• WORK ITEM:
Whenever the string "Free" turns up in a line below, that line should be copied.

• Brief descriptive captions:
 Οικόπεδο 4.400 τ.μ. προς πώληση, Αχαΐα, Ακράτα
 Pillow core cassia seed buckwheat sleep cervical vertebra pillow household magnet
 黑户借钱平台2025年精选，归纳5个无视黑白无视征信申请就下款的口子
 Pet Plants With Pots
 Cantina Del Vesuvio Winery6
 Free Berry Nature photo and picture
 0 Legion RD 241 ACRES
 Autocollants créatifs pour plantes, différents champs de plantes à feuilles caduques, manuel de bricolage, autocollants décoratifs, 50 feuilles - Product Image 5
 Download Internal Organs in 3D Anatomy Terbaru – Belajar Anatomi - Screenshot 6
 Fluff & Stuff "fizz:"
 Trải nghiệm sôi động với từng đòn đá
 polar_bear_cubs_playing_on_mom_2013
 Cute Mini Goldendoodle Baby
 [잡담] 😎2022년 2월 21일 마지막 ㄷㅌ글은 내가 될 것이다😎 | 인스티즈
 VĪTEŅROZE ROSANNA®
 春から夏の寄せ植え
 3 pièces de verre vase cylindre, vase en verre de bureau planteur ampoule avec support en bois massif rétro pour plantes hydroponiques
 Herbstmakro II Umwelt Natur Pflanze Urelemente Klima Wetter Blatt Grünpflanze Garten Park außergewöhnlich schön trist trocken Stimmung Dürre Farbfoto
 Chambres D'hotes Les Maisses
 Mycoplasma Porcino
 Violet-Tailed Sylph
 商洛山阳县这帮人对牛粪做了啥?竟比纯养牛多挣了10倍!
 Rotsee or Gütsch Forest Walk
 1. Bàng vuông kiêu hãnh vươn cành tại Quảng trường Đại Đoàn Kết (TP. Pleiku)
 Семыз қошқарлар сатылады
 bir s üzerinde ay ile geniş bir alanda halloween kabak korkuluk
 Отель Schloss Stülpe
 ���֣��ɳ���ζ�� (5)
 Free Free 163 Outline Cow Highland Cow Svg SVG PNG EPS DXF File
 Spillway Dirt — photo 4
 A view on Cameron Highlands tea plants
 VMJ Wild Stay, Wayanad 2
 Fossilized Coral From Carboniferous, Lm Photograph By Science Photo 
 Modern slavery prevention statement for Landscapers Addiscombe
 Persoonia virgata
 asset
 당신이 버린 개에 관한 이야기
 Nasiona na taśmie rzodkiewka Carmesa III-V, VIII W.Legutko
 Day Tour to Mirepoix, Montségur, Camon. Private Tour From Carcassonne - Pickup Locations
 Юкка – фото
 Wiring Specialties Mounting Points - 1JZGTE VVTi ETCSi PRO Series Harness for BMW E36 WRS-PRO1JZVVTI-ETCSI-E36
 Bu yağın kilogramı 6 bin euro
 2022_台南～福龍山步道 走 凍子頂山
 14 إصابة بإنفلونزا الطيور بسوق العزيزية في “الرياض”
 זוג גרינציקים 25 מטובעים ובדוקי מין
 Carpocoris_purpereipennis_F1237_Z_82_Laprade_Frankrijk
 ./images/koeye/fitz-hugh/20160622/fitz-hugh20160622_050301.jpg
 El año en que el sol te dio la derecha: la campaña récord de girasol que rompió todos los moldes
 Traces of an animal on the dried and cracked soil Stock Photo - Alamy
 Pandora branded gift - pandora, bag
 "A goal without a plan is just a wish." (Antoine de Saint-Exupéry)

• SOLUTION BELOW:
 Free Berry Nature photo and picture
 Free Free 163 Outline Cow Highland Cow Svg SVG PNG EPS DXF File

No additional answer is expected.